DAY 7: Española Island
- Española is the southernmost of the Galapagos Islands and also one of the oldest and flattest. Due to its remote location it has a lot of endemic species, such as the Española mockingbird, the Española lava lizard, and the waved albatross.
- Our morning visit was to the 2km white sandy beach of Gardner Bay located on the eastern side where we sunbathed with the resident sea lions.
- The snorkelling by Gardner Bay and Tortuga Rock was the best we've ever experienced. The young sea lions were out in full force wanting to play. Their curiosity and playfulness will completely mesmerise and charm you. For us this was hands down the highlight of the entire cruise and a moment we'll never forget!
- Our final excursion was to Punta Suarez, regarded as one of the most beautiful visitor sites in the Galapagos.

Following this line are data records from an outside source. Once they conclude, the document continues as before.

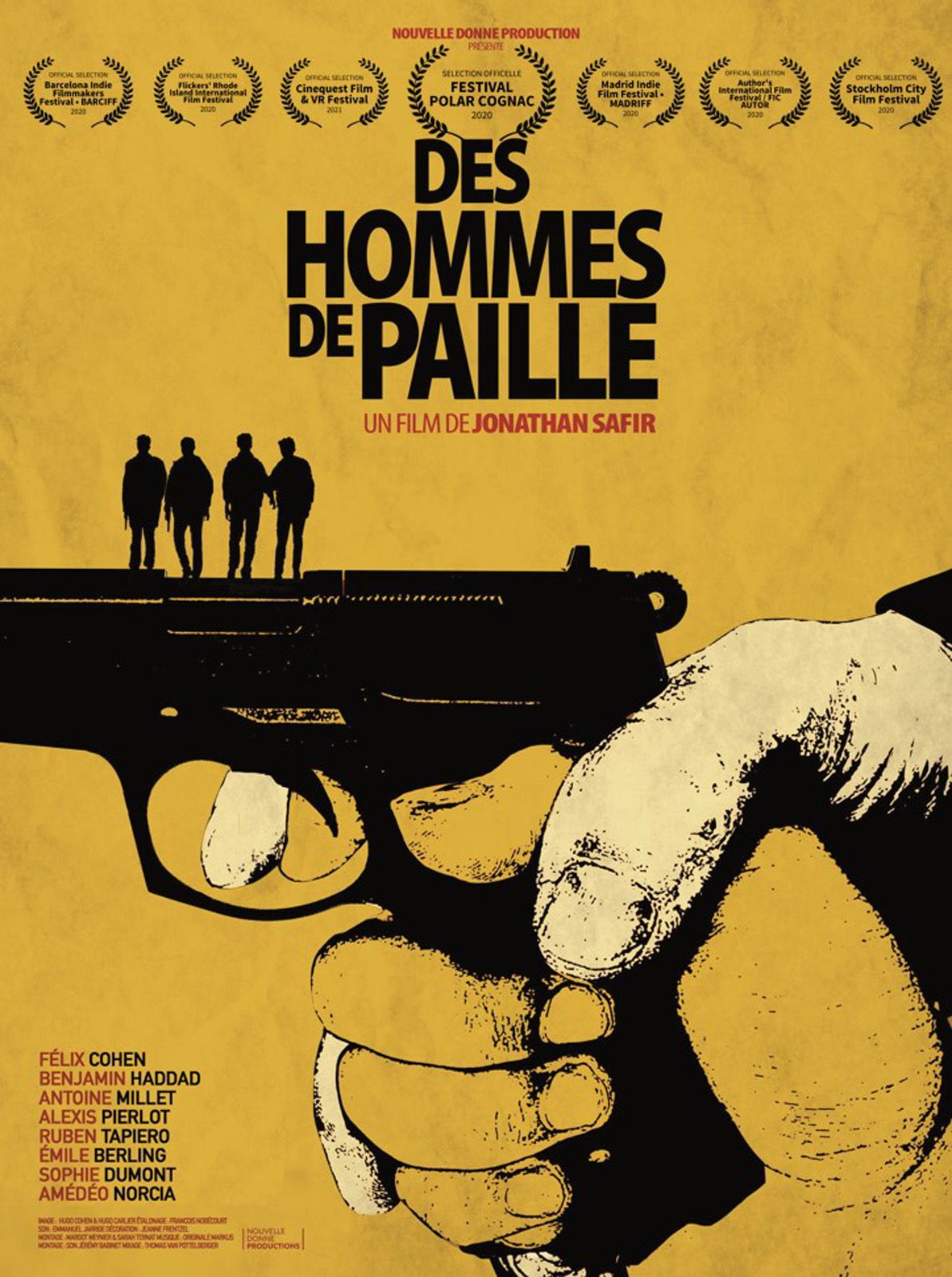 Des hommes de paille streaming fr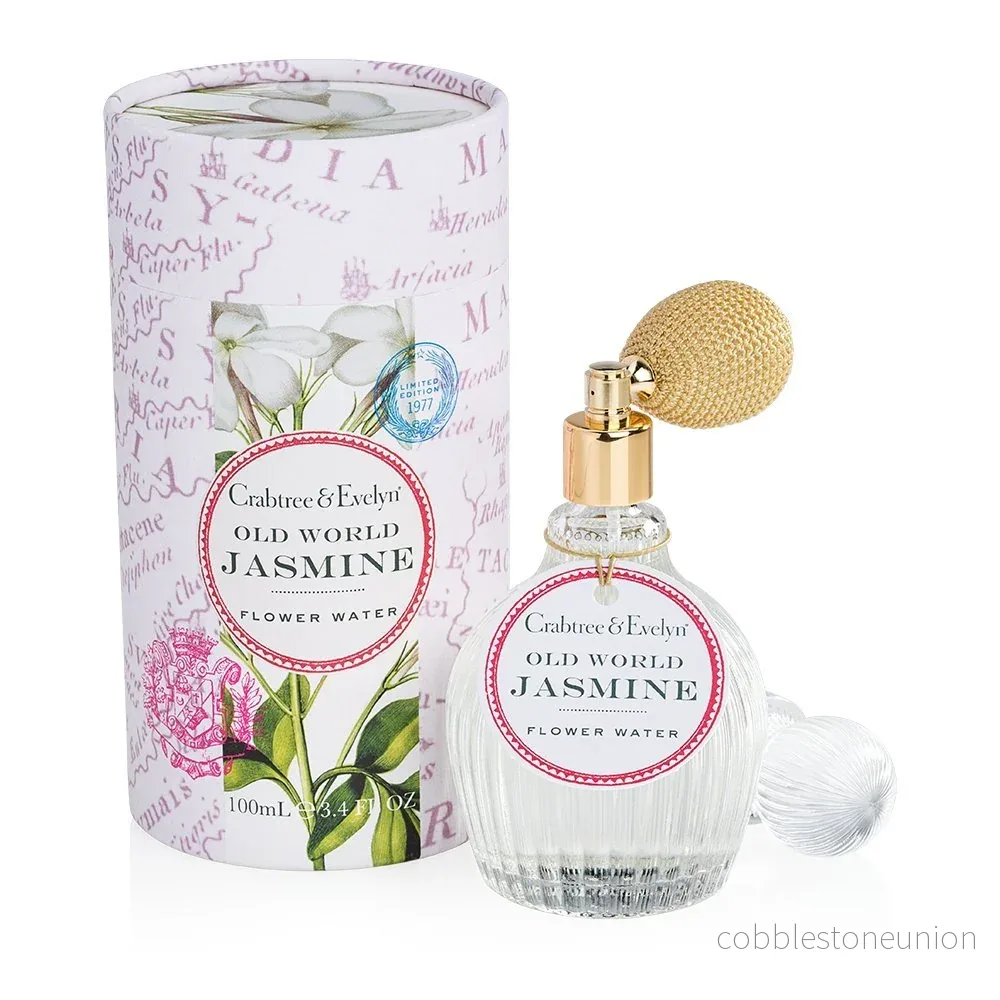 Crabtree & Evelyn, Old World Jasmine, Flower Water, 100 ml - Bild 2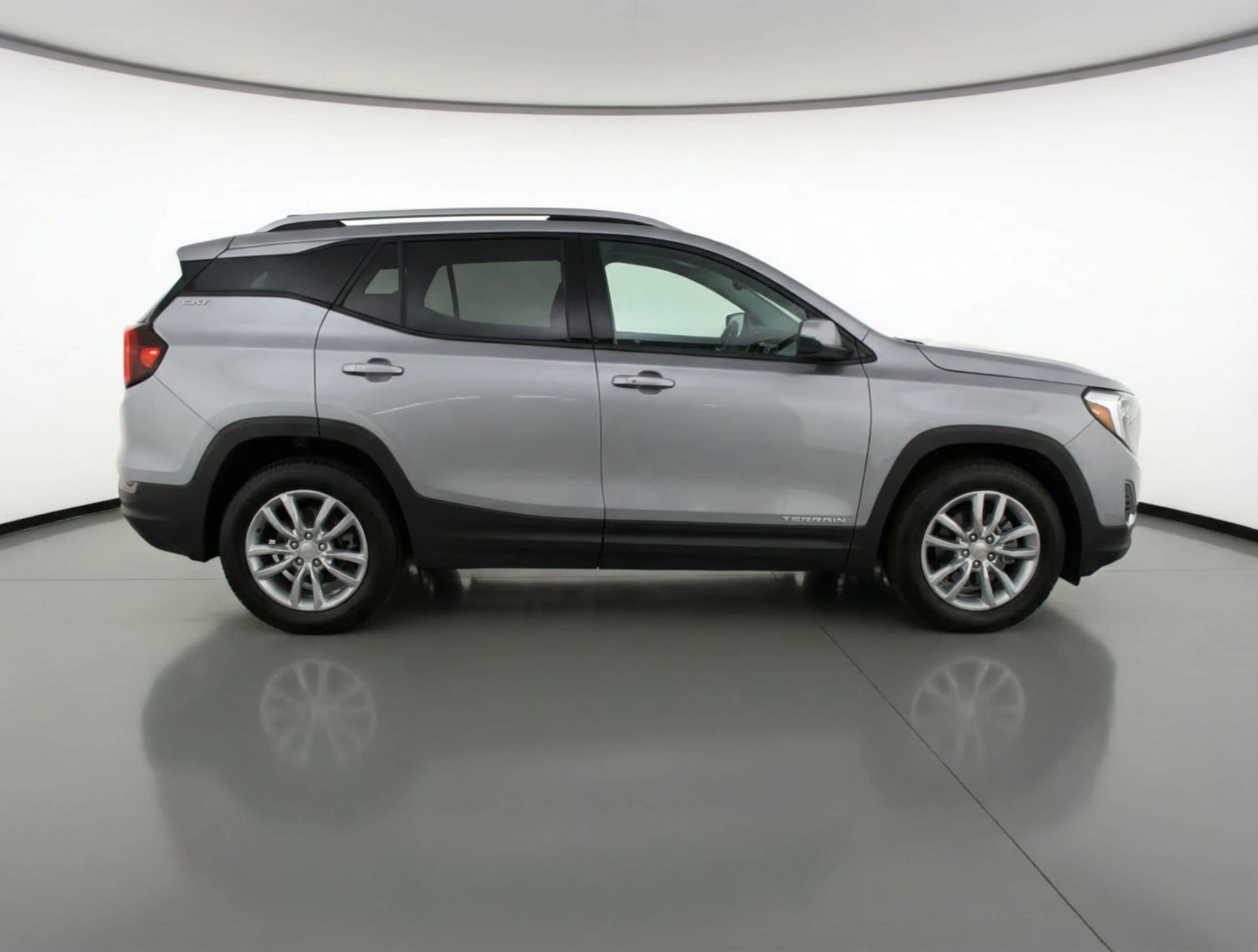 Thumbnail: 2024 GMC Terrain - 8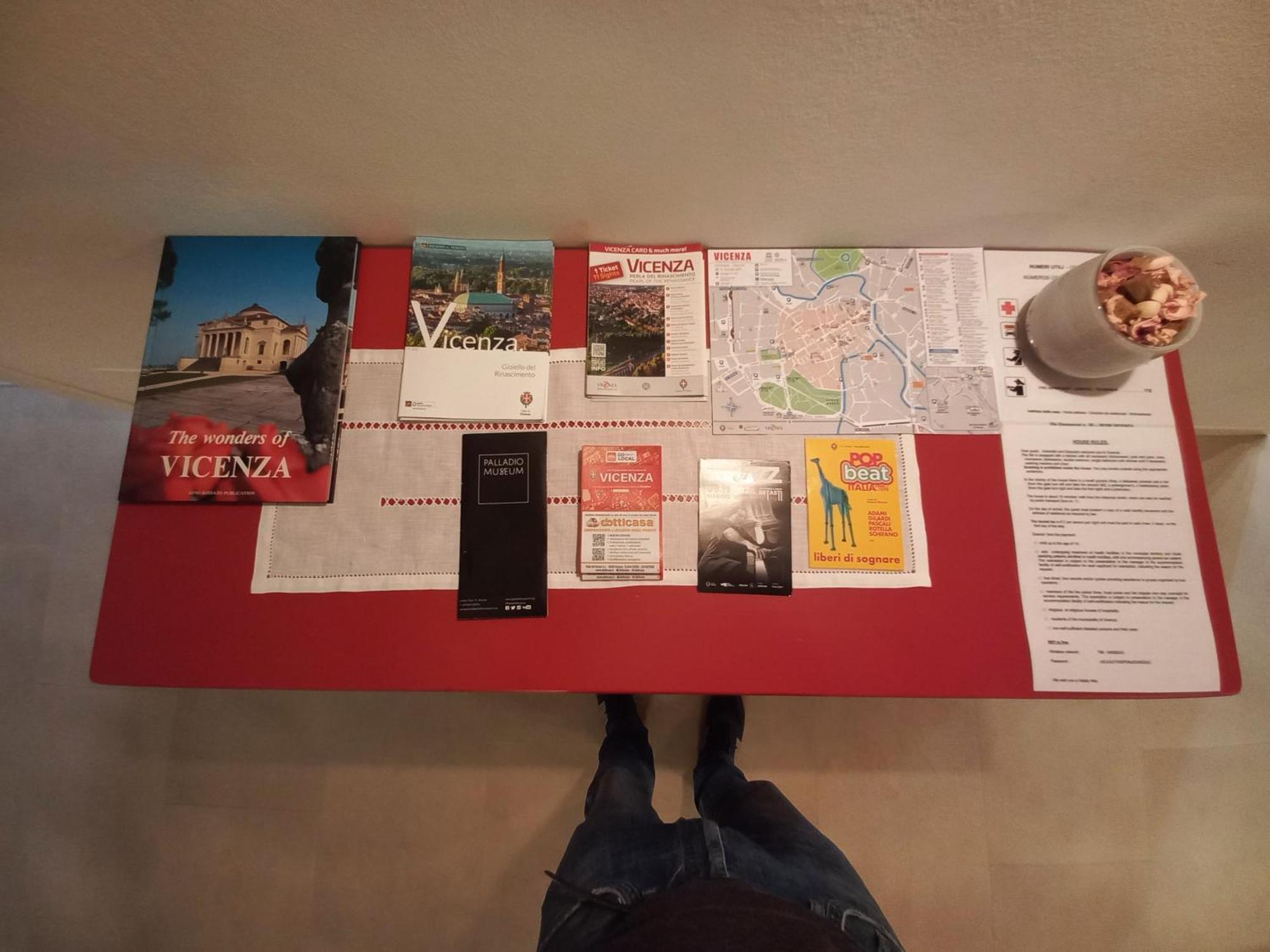Appartamento Indipendente - Il Portichetto Vicenza Exteriör bild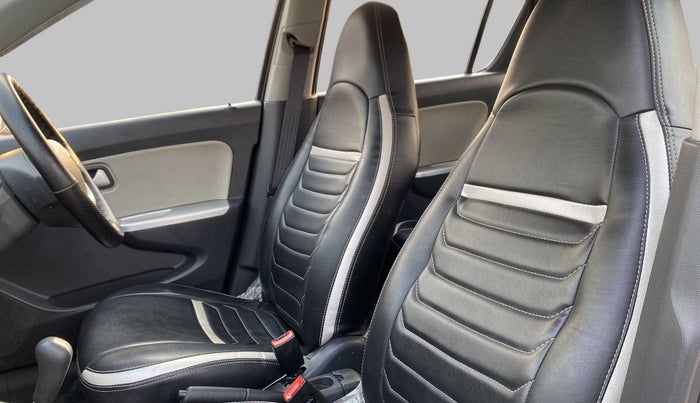 2018 Maruti Alto K10 VXI (O) AMT, Petrol, Automatic, 29,526 km, Right Side Front Door Cabin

It is famous for being the sole breeding ground for the entire population of the world’s waved albatrosses.
- There are around 25,000 to 30,000 waved albatross here. We were fortunate to watch their elaborate mating dance, which involves stumbling, honking, and beak-fencing. They are fascinating to watch because in the air they're so graceful, yet on land they are unbelievably clumsy!
DAY 8: Santa Cruz and Baltra Islands
- We navigated during the early hours back to Puerto Ayora from Española and had our final breakfast on board.
- After saying goodbye to the crew we took a bus North to cross to Baltra Island airport for our flight back to Quito.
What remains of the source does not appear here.